Sabía que no participaba tanto como hubiera deseado, pero apenas tenía fuerzas para comprender todo lo que ese hombre le estaba descubriendo. Sentir la plenitud de cada una de aquellas caricias era también repasar todas las que no había recibido en su vida. Sintió el sexo como algo nuevo, los olores se transformaron, su erección se transformó… No llegó a saber cuánto tiempo estuvo enredada en su cuerpo, pero, en un suspiro ronco y masculino, sintió a Román alzarse y salir de ella para enderezarse por completo con los músculos en tensión. La lámpara del techo formó un completo contraluz y dejó su contorno en un brillo y su torso en la oscuridad. Lucía pudo notar cómo Román se volcaba sobre su vientre y su pecho en una eyaculación que pareció interminable.
Él la envolvió durante varios minutos y la besó sin parar. Le besó los labios, las manos, los antebrazos… Lucía no podía creer lo que estaba viviendo. Era… perfecto. Román la miró con una sonrisa pegada a la boca mientras sujetaba su cabeza entre las manos.
—Eres tan hermosa —dijo.
A continuación se levantó y regresó con una toalla mojada. La lavó con delicadeza, riéndose a cada paso por sus zonas erógenas; la secó con la otra punta de la toalla y finalmente, la incorporó. Le entregó los pantalones, la camiseta y las sandalias y él comenzó a vestirse, invitándola a seguir sus pasos.
—Ha sido…
—Shhhhh —la silenció con suavidad—. Lo sé. Ambos lo sabemos. No caigas en lo esperado.
—Román, yo…
—Nos veremos, Lucía…
¿Qué quería decir con «Nos veremos»? ¿«Nos encontraremos»? ¿«La vida hará que nos crucemos por una calle»? No llegó a preguntárselo.
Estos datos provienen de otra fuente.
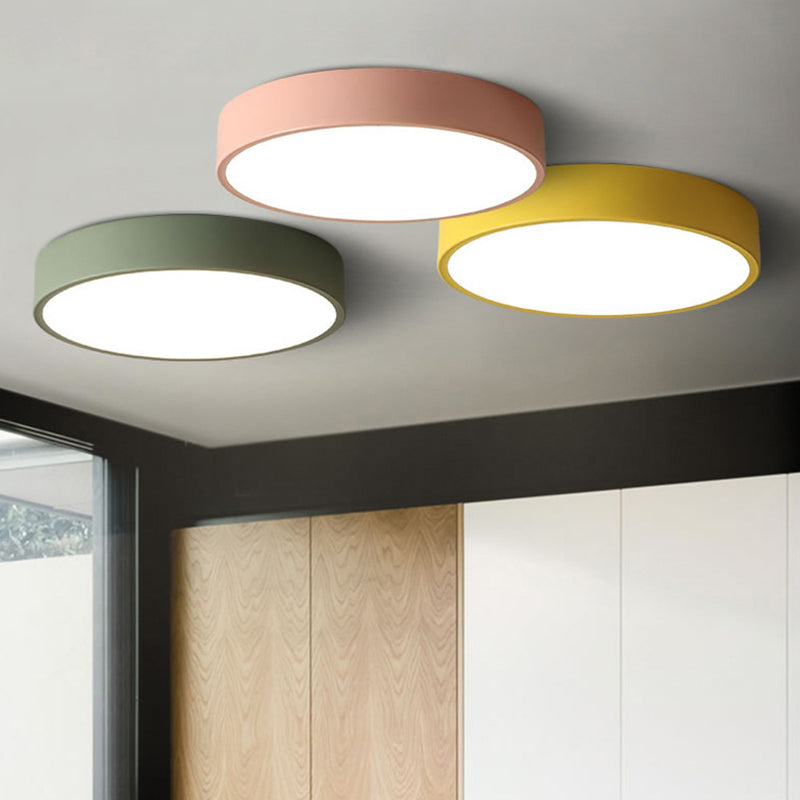 Round Flushmount Lights Macaron Acrylic Ceiling Mounted Fixture for Living Room
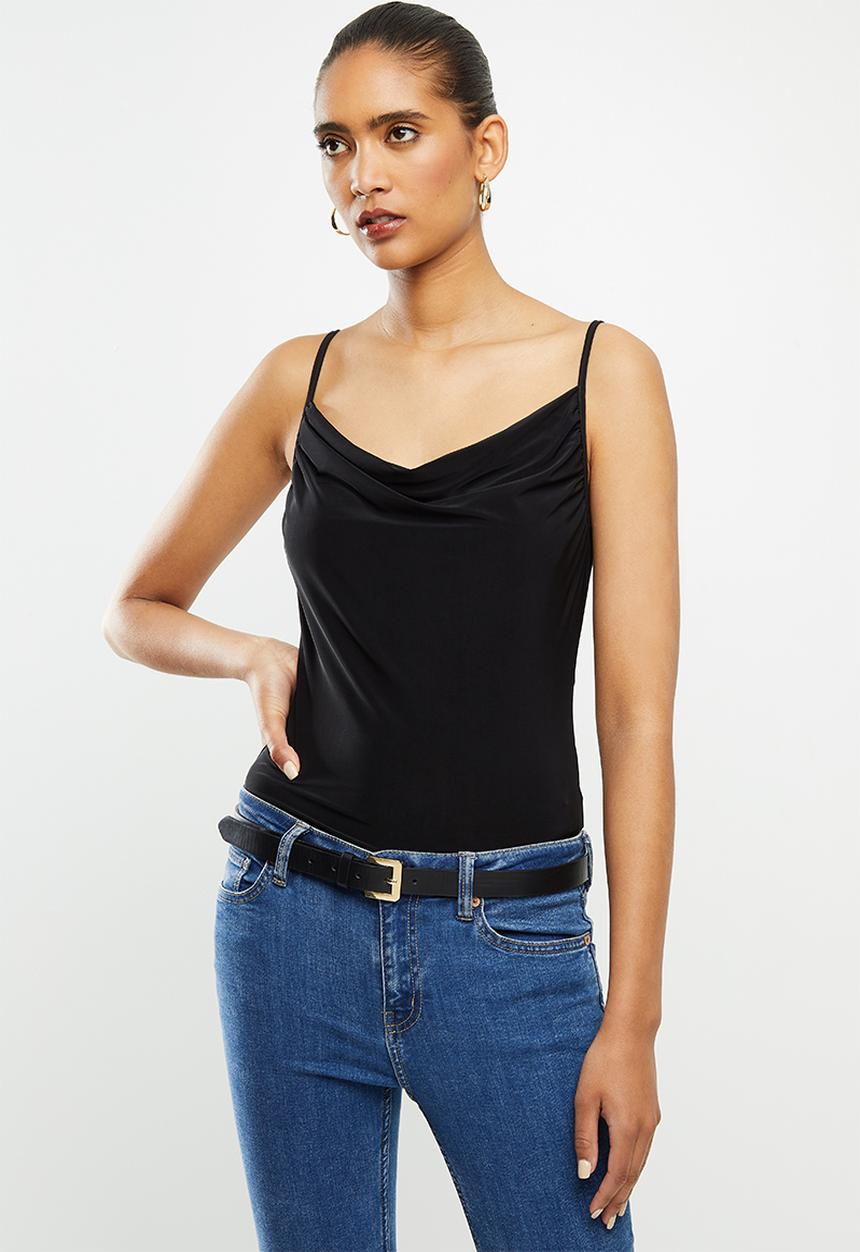 VELVET - Soft cowl strappy bodysuit - black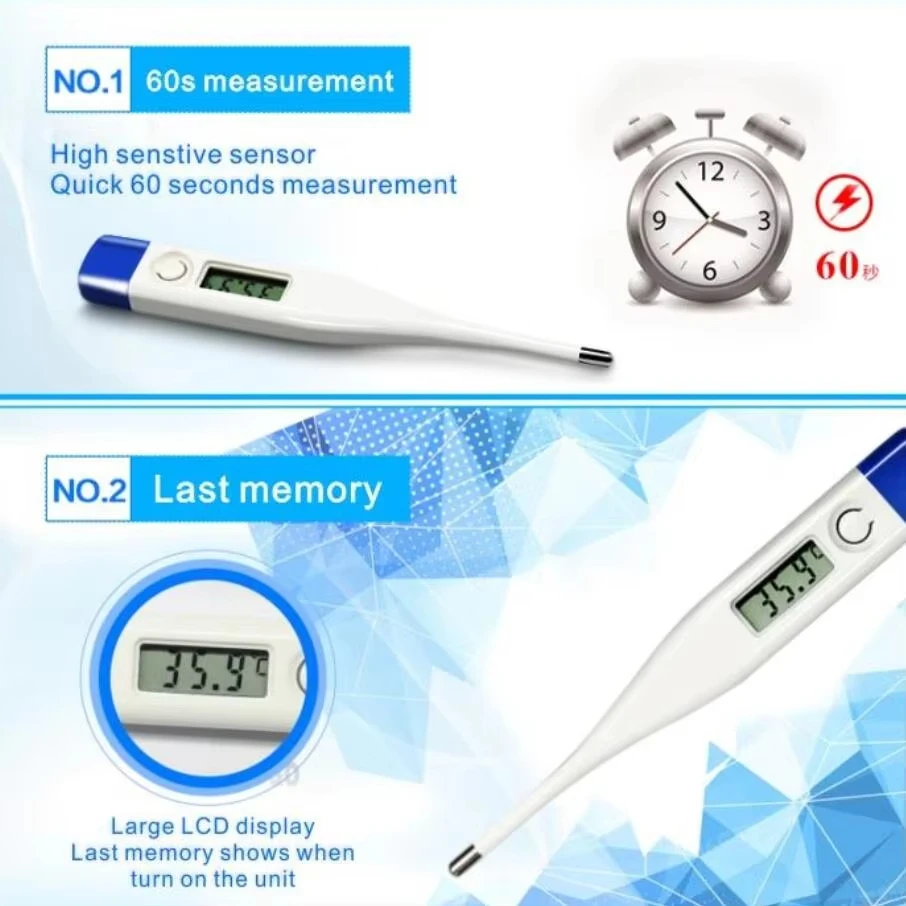 1 PC Digital Thermometer Good Quality Clinical Oral Underarm Rectal Test Baby Adult Fever Temperature Basal Rigid Tip Termometer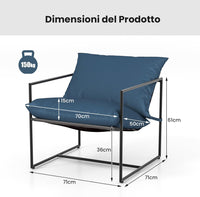 Set di 2 Sedie da Giardino, Poltrone da Esterno con Cuscini, Tessuto per Seduta e Telaio Metallico Robusto, Set di 2 Sedie in Tessuto Textilene, Portata 150 kg, per Giardino, Balcone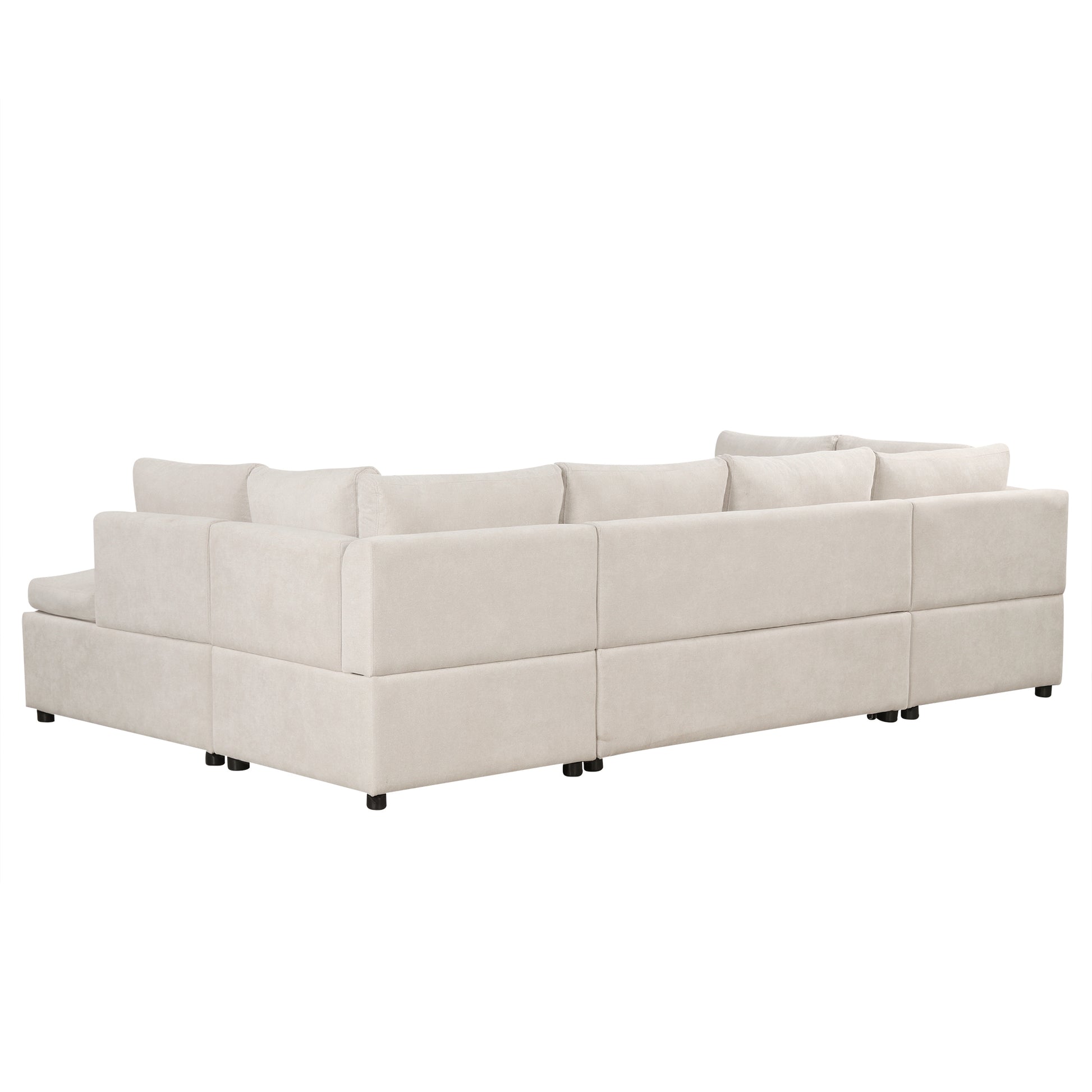 117.3" Oversized Sectional Sofa U Shaped Sofa Couch Pull Out Sofa Bed With Two Throw Pillows For Living Room, Beige Beige Foam Chenille 4 Seat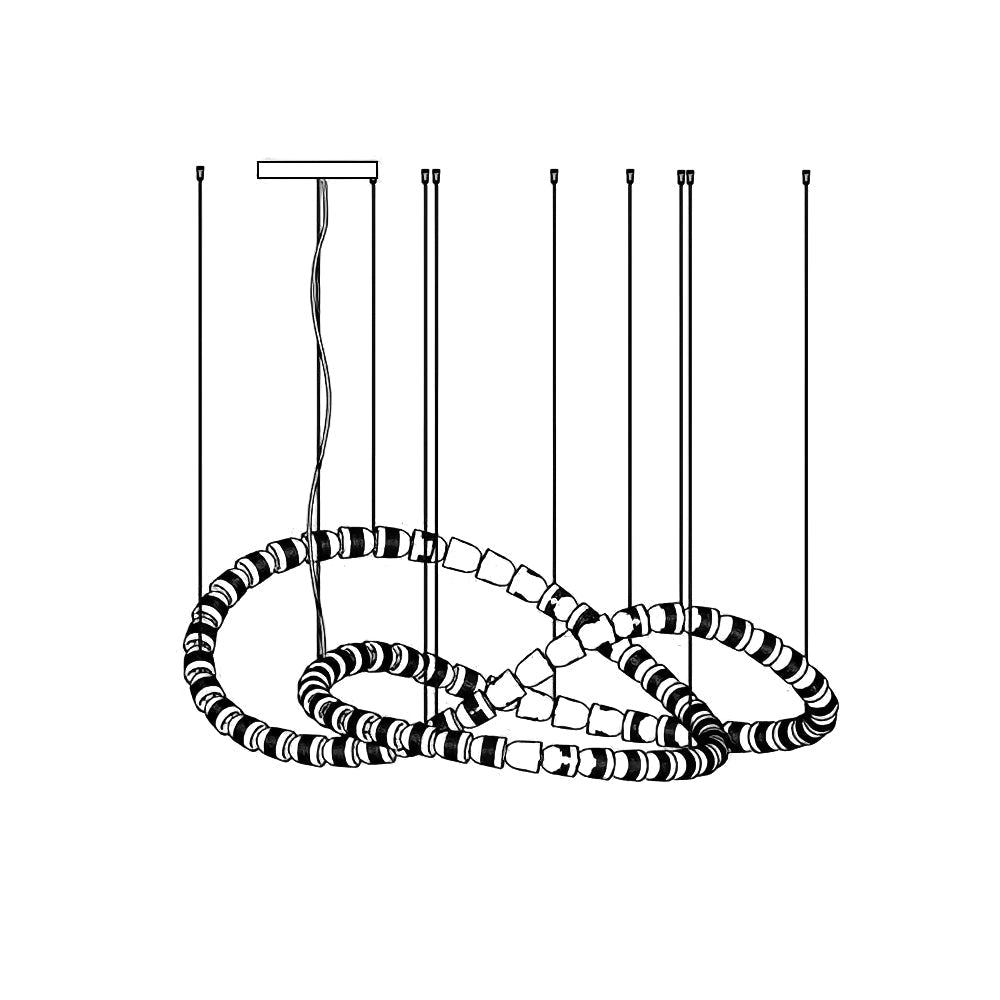 Lustra Lustre Cristal Doré LED 3-Lignes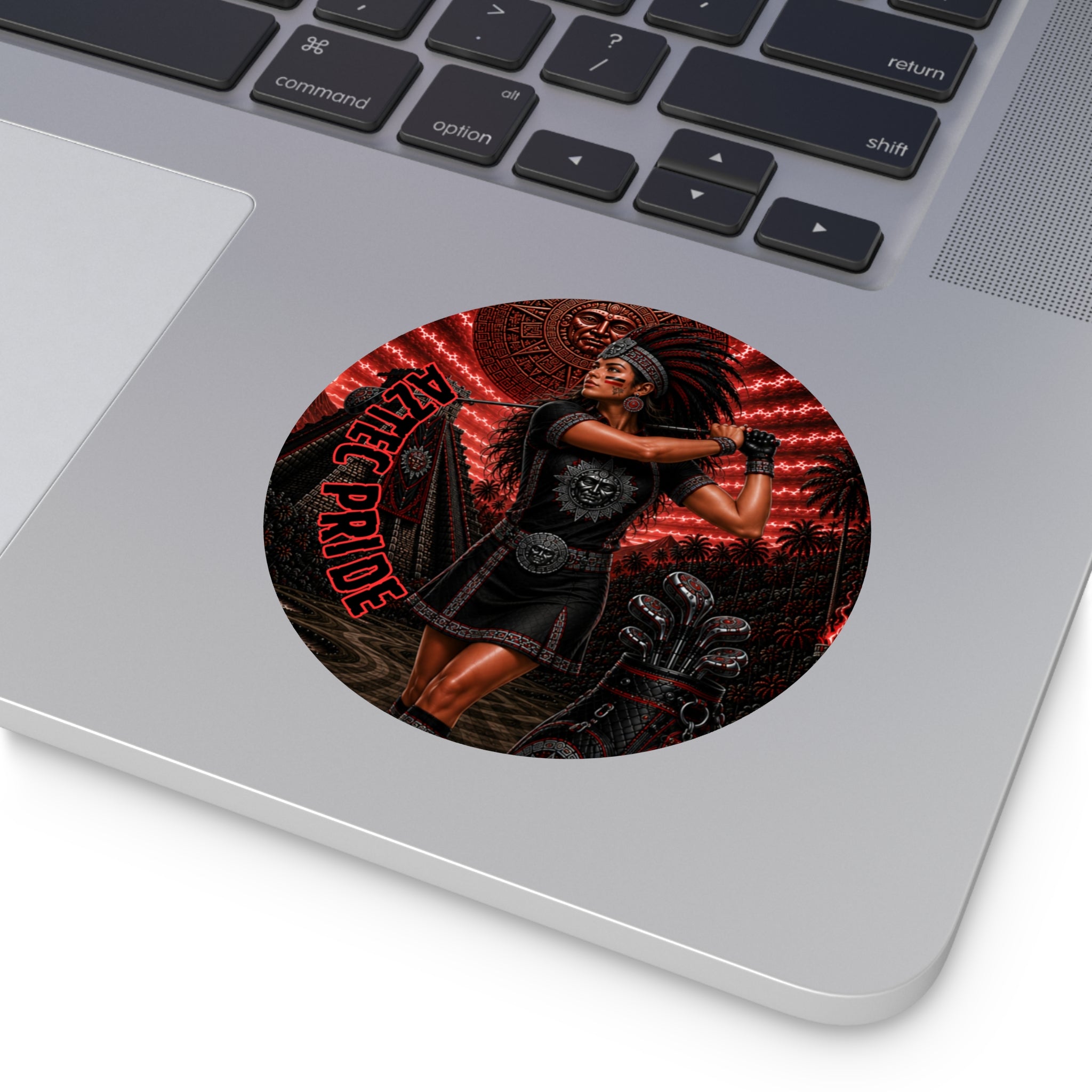 Aztec Golf Female Warrior Round Vinyl Sticker 2”–6” | Made & Shipped in the USA • 🚚 FREE USA Shipping • Personalized Option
—Yo quiero verte y tú quieres verme a mí. Nos veremos… pero no estropees esto. No destruyas la magia.
—No quiero destruir nada, solo…
—No, Lucía.
—¿Puedo darte mi teléfono?
—No.
—¿Puedes darme el tuyo?
—No.
Ella sonrió reaccionando a una broma que no era tal.
—¿Un email?
Román se levantó y la miró serio, para poner fin con aquel gesto firme pero no severo ese cruce de preguntas y respuestas a ritmo de interrogatorio.
—Lucía, nos veremos, pero tú nunca podrás encontrarme.